Mizah ve şaka kavramları arasındaki farkları incelemeye çalışacağız, bu hafta. Öyle ya, birbirlerine adeta dirsek temasında olan bu kelimeler, esasen, bambaşka dünyalara kapı aralarlar. Bu ne benzerlik ama bu ne farktır böyle?!
Mizah ve şaka.
Sırasıyla gidelim…
Mizahtaki nükte ve hiciv, kesinlikle ince ve kıvrak bir zekanın eseridir. Yapanı da, anlayanı da, bu işe kıymet vereni de, en azından ortalama derecede zekidir. Çoğunlukla daha fazla ama kesinlikle daha az değil… Kimseyi kırmama düsturu da vardır hem, mizahın içinde. Mizacı insancıldır bir kere! Gülen ve gülümseten, mutlaka da bir parça düşündüren mizahla ne zaman nerede karşılaşsam, gönülden gülümseyip, bir selam gönderirim ona. Demek ki bendeniz de, en az ortalama bir zekaya sahibim yani. Laf aramızda, aslında daha fazlasına sahibim ama “bu cümle de bizzat bir mizah örneğidir” deyip, kişisel bahsi geçelim şimdi. Sırasıyla gidecektik hem!
Şimdi sıra, şu ‘şaka’ mevzuunda.
O değil de, kelime anlamlarının sınırlarını esnetip genişletmeyi, pek seviyoruz. Elastikiyet, bir süre sonra laçkalaşmaya başlıyor, bunu yaparken de. Gerçek amacından çoktan uzaklaşıp şaşmış, bal gibi bir kandırma eylemine, ‘şaka’ deyip geçiveriyoruz, mesela. Evet, şaka denilip geçilen, bu, hiç de yüz güldürmeyen, hatta aksine; kalp bile kırabilen nice laubali ve af buyurun zevzekçe edilen sözlere ve yapılan davranışlara, “ama ben şaka yapmıştım” yaklaşımından yana dertliyim. O kandırma ve yanıltma işine de illa bir kılıf ve isim aranacaksa, ‘yalan’ denmeliydi ona, hem. Birisini açıkça yanıltıp, gerçek’ten saptırmaya, tüm bunları yaparken de onu üzmeye ve korkutmaya, ancak yalan sözcüğündeki hainlik ve alçaklık çağrışımları uyup yakışır, çünkü.
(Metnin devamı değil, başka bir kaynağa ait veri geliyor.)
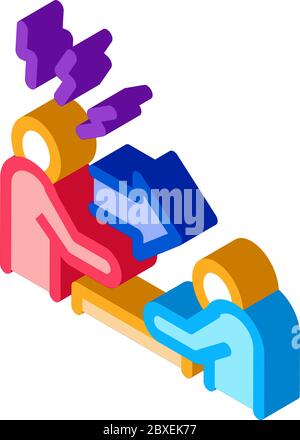 illustrazione vettoriale dell'icona isometrica riprimand man Illustrazione Vettoriale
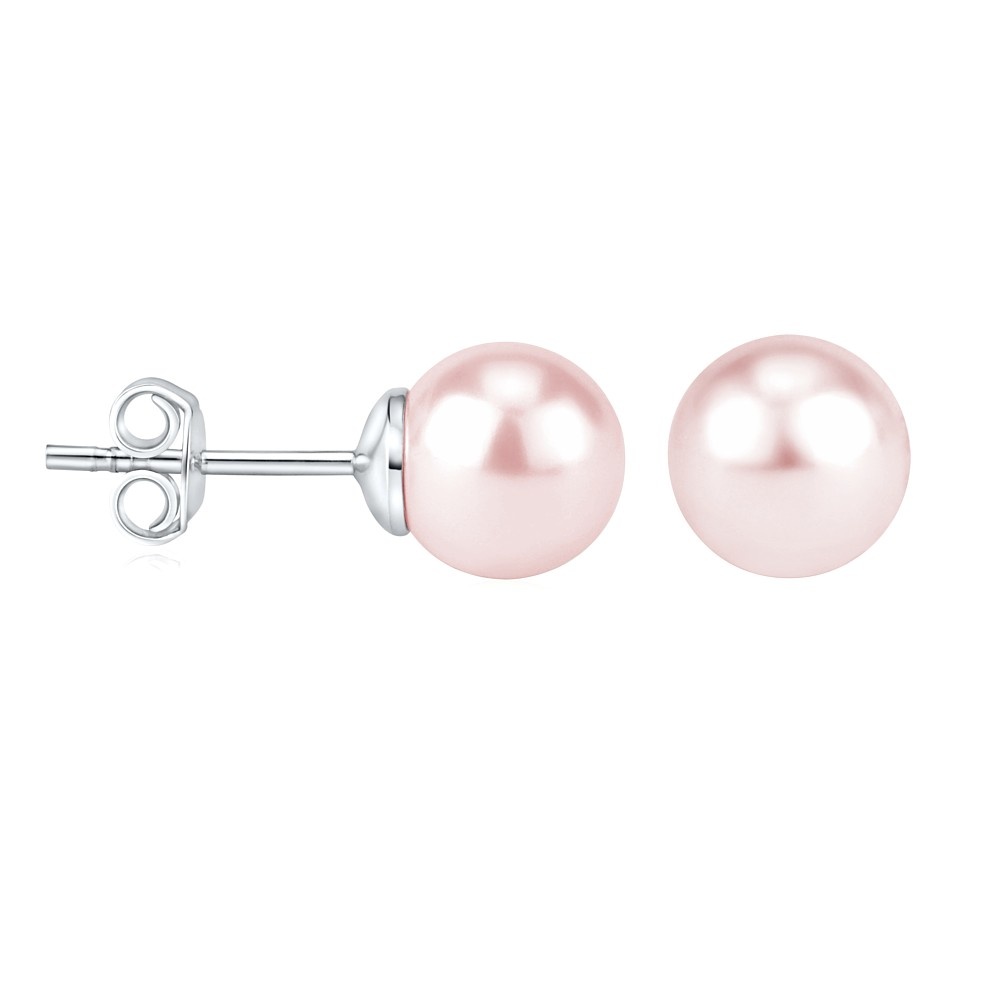 Stříbrné náušnice pecky puzetkové s růžovou perlou Swarovski® Crystals VSW045LPS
Ha bir de ‘eşek şakası’ diye bir tanım vardır bakın. Doğru. Bu da uygun. “bütün şakalar, eşeklerden çıkmadır” diyelim o halde… Mizahı ise, bundan çok ayrı bir yerde tutup, “işte o yalnızca akledebilen ve gönül kırmayan insana özgüdür” deriz. Bir kalbi, yalnızca sizi, şeytani bir şekilde gülümseyerek, ‘çat!’ diye kırmaya, geyik yapmak falan da deniliyor tabi, son yıllarda. İşte o geyikler, onu yapanların rüyasına girsin gece, olur mu?
Eşekler, geyikler, şakalar… Bunların hepsi aynı sınıfta. Oysa mizah… O çoktan mezun olmuş, eline ekmeğini almış ve mizacıyla kalpleri; zekasıyla da yüzleri gülümsetiyor.